Namun saat ini, harga minyak mentah Brent justru tertekan di kisaran US$65 per barel. Selain terlalu rendah, harganya juga terlalu fluktuatif.
Gangguan pada harga minyak, kali ini dipicu oleh perang. Meskipun minyak telah lama menjadi produk yang sulit dikendalikan, riset terbaru dari Bank Dunia menunjukkan bahwa beberapa tahun terakhir kondisinya menjadi jauh lebih buruk. Siklus naik-turun harga saat ini lebih pendek dan lebih ekstrem dibanding masa lalu.
Dulu, pemicu utama siklus komoditas berasal dari sisi pasokan. Sesuatu harus ditambang dari bumi atau ditanam dari nol. Ini memerlukan waktu panjang dan modal besar.
Pada kenyataannya, butuh waktu 10 hingga 20 tahun dari penemuan hingga produksi.
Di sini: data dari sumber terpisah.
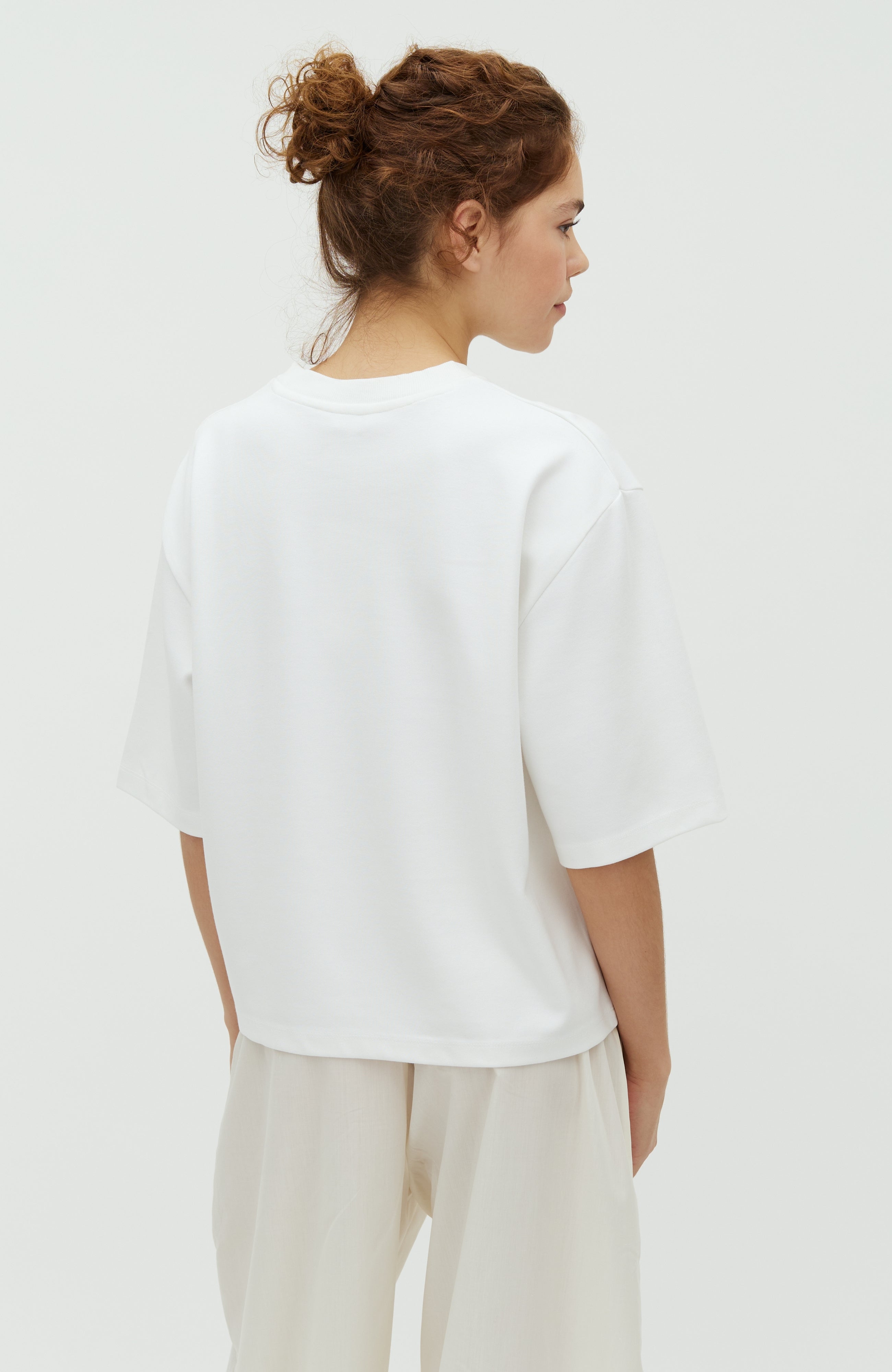 Emrys-M_White_Model_2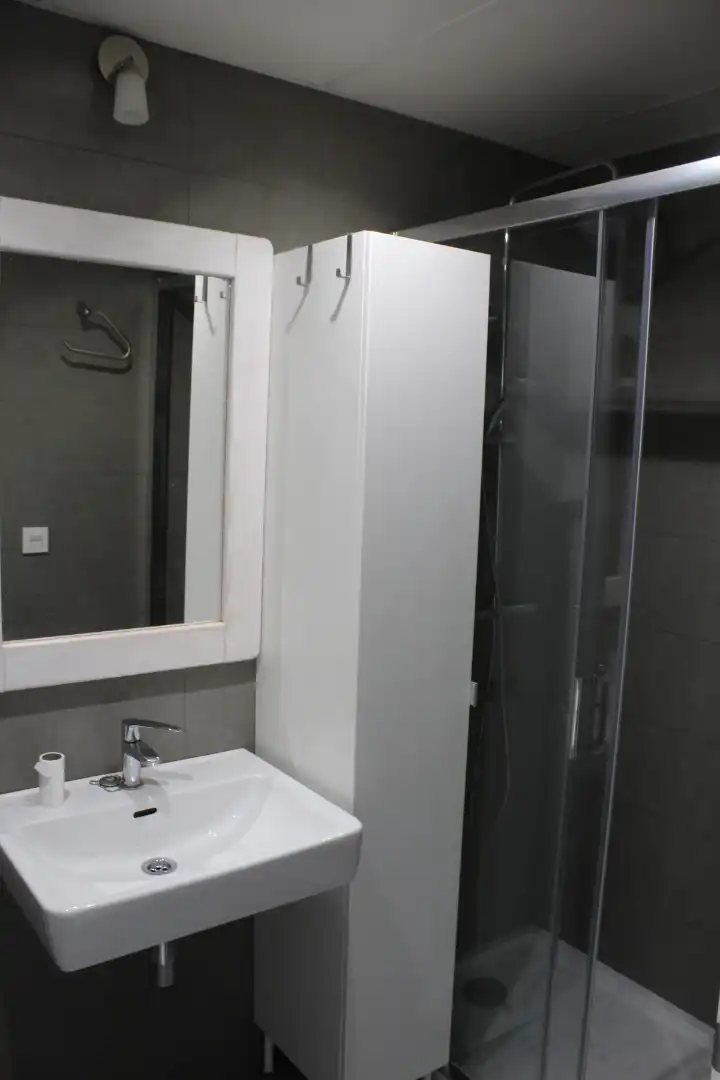 Bathroom of Flat for rent in Granada  with Air Conditioner, Heating and Terrace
Karena itu, pasokan sulit merespons sinyal harga, yang menyebabkan investasi berlebihan saat boom dan kelebihan pasokan saat krisis, demikian dikutip dari laporan The Economist, Sabtu (28/6/2025).
Dinamika persediaan juga memperparah siklus harga komoditas. Dalam banyak kasus, barang tersebut sulit disimpan atau mudah rusak, seperti komoditas pertanian.
Cadangan yang tipis membuat ketidakseimbangan jangka pendek antara permintaan dan penawaran bisa menyebabkan lonjakan harga besar. Spekulasi finansial turut memperkuat sentimen pasar. Secara umum, permintaan terhadap komoditas sangat terikat pada siklus bisnis global. Dan selalu ada potensi pecahnya perang baru.
Riset Bank Dunia menemukan bahwa fluktuasi harga ini kini makin sering terjadi. Siklus boom kini hanya berlangsung 24 bulan, sedangkan masa krisis 23 bulan. Ini jauh lebih singkat dibanding periode 1970-2020, di mana satu siklus puncak ke puncak butuh waktu rata-rata 90 bulan. Kini, hanya sekitar 45 bulan.
Kejadian ini memiliki dampak besar bagi pemerintah di seluruh dunia. Menurut Bank Dunia, dua pertiga dari negara berkembang sangat bergantung pada komoditas untuk ekspor, pendapatan fiskal, dan aktivitas ekonomi mereka.
Siklus harga yang lebih tidak stabil menjadi tantangan berat bagi para pembuat kebijakan di negara-negara tersebut, dan menurunkan kemungkinan pertumbuhan ekonomi yang solid.
Ini juga menjadi tantangan bagi bank sentral di negara maju. Secara historis, mereka cenderung mengabaikan pergerakan harga berbasis komoditas dan fokus pada inflasi inti yang mengecualikan energi dan pangan.
Mengingat bahwa dalam periode 1970-2020 harga biasanya naik dan turun dalam proporsi yang serupa, pendekatan itu masuk akal. Tapi jika kini lonjakan harga lebih besar dibanding penurunannya, seperti yang tampak sekarang, situasinya jadi jauh lebih rumit.